According to the SCDNR, the closure is designed to protect the striper population during hot weather when the mortality of stripers released is high. By October, the falling water temperature typically has reached the temperature where catch-and-release is a viable option. The slot-limit regulation of the size of stripers typically ensures plenty of fish outside the slot will be caught and then must be released at most times of the year.

Early October striper fishing is characterized by anglers finding sporadic schooling action, usually early in the morning and again in late afternoons. Topwater schooling occurs, but much of the productive action will be targeting schools of suspended stripers.

And anglers catch them with many different methods.
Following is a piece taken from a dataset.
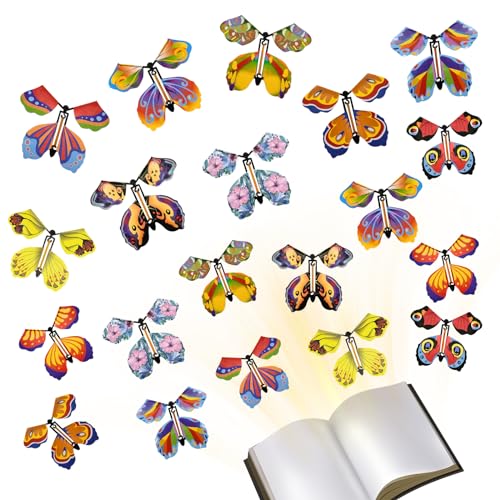 ZITUZY 20 Stück Fliegende Schmetterlinge Magische, 10 Stile Schmetterling mit Gummiband, Fliegender Schmetterling Karte， Kinderspielzeug Schmetterling Karte, für Geburtstag, Hochzeit von ZITUZY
The fall forage patterns and weather means schools of stripers will surface at times, and that can mean topwater action rules.

The right stuff

Topwater lures cast into a surface-feeding school of stripers are often mauled by the line-sided fish. But the right lures must still be worked correctly. Fast, darting action lures like walk-the-dog plugs often excel and attract attention from big stripers. Poppers are good, and even floating dart-and-dive type lures will produce vicious bites from stripers. The key is to not rely on just a single bait. Be prepared with several options and feed them different lures, and work different retrieves. Stripers will let you know when you’ve got it right.

But just like professional guides, you need a good backup plan because stripers don’t always school on the surface, and when they do, it is often temporary.

A second method that works well is to use artificial lures that sink, and heavy spoons, like Berry’s Flex-It spoons, and Live Target’s Erratic Shiner and Flutter Shad, can be lethal.

If you see stripers school, but they’ve sounded before you get to the spot, vertically jigging on that target will regularly generate quick hookups with stripers.

They’re generally still in the area so you can pick up a few fish if you’re prepared.

Also, you can employ electronics to literally hunt big schools of subsurface stripers. When you locate these schools, often found around some major bottom contour changes such as ledges, humps, or channels, you can employ the same spoons and vertically jig for stripers.

Try live bait

Work right at the depth stripers are marked, or just above that depth. Stripers usually don’t go deeper to hit a lure, but will usually move up.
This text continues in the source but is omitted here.